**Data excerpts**

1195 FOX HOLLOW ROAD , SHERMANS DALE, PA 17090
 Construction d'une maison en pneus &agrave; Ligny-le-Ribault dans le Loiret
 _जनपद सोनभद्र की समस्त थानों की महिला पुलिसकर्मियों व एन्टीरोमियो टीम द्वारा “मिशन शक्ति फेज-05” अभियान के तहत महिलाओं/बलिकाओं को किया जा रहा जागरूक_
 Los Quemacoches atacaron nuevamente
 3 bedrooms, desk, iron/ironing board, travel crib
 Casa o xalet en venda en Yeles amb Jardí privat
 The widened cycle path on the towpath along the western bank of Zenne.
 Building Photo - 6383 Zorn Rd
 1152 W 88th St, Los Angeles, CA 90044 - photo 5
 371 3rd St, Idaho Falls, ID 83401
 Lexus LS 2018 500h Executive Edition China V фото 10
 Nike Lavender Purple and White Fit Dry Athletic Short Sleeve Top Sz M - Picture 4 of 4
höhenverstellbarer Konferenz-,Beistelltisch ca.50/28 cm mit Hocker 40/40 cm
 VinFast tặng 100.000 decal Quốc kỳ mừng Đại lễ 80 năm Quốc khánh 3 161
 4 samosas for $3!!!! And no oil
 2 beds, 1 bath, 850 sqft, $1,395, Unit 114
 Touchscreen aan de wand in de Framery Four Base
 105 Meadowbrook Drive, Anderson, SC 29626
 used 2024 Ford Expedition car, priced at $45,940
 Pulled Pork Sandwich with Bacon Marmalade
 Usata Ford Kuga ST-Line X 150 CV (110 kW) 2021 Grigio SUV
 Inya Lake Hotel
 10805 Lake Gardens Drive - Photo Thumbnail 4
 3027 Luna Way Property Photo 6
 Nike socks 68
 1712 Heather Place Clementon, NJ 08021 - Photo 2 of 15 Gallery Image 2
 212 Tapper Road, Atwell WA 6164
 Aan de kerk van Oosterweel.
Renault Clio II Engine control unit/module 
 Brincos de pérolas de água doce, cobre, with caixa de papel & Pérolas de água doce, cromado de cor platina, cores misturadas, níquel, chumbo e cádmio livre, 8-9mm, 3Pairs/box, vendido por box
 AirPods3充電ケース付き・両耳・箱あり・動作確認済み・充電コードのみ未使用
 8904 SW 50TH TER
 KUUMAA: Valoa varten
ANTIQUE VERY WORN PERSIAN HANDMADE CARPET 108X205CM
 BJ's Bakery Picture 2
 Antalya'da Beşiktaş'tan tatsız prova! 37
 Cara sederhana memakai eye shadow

**Work order**
Begin at the first line of the entries above and copy every line exactly, ending with the line that contains "Inya Lake Hotel".

**Answer space**
1195 FOX HOLLOW ROAD , SHERMANS DALE, PA 17090
 Construction d'une maison en pneus &agrave; Ligny-le-Ribault dans le Loiret
 _जनपद सोनभद्र की समस्त थानों की महिला पुलिसकर्मियों व एन्टीरोमियो टीम द्वारा “मिशन शक्ति फेज-05” अभियान के तहत महिलाओं/बलिकाओं को किया जा रहा जागरूक_
 Los Quemacoches atacaron nuevamente
 3 bedrooms, desk, iron/ironing board, travel crib
 Casa o xalet en venda en Yeles amb Jardí privat
 The widened cycle path on the towpath along the western bank of Zenne.
 Building Photo - 6383 Zorn Rd
 1152 W 88th St, Los Angeles, CA 90044 - photo 5
 371 3rd St, Idaho Falls, ID 83401
 Lexus LS 2018 500h Executive Edition China V фото 10
 Nike Lavender Purple and White Fit Dry Athletic Short Sleeve Top Sz M - Picture 4 of 4
höhenverstellbarer Konferenz-,Beistelltisch ca.50/28 cm mit Hocker 40/40 cm
 VinFast tặng 100.000 decal Quốc kỳ mừng Đại lễ 80 năm Quốc khánh 3 161
 4 samosas for $3!!!! And no oil
 2 beds, 1 bath, 850 sqft, $1,395, Unit 114
 Touchscreen aan de wand in de Framery Four Base
 105 Meadowbrook Drive, Anderson, SC 29626
 used 2024 Ford Expedition car, priced at $45,940
 Pulled Pork Sandwich with Bacon Marmalade
 Usata Ford Kuga ST-Line X 150 CV (110 kW) 2021 Grigio SUV
 Inya Lake Hotel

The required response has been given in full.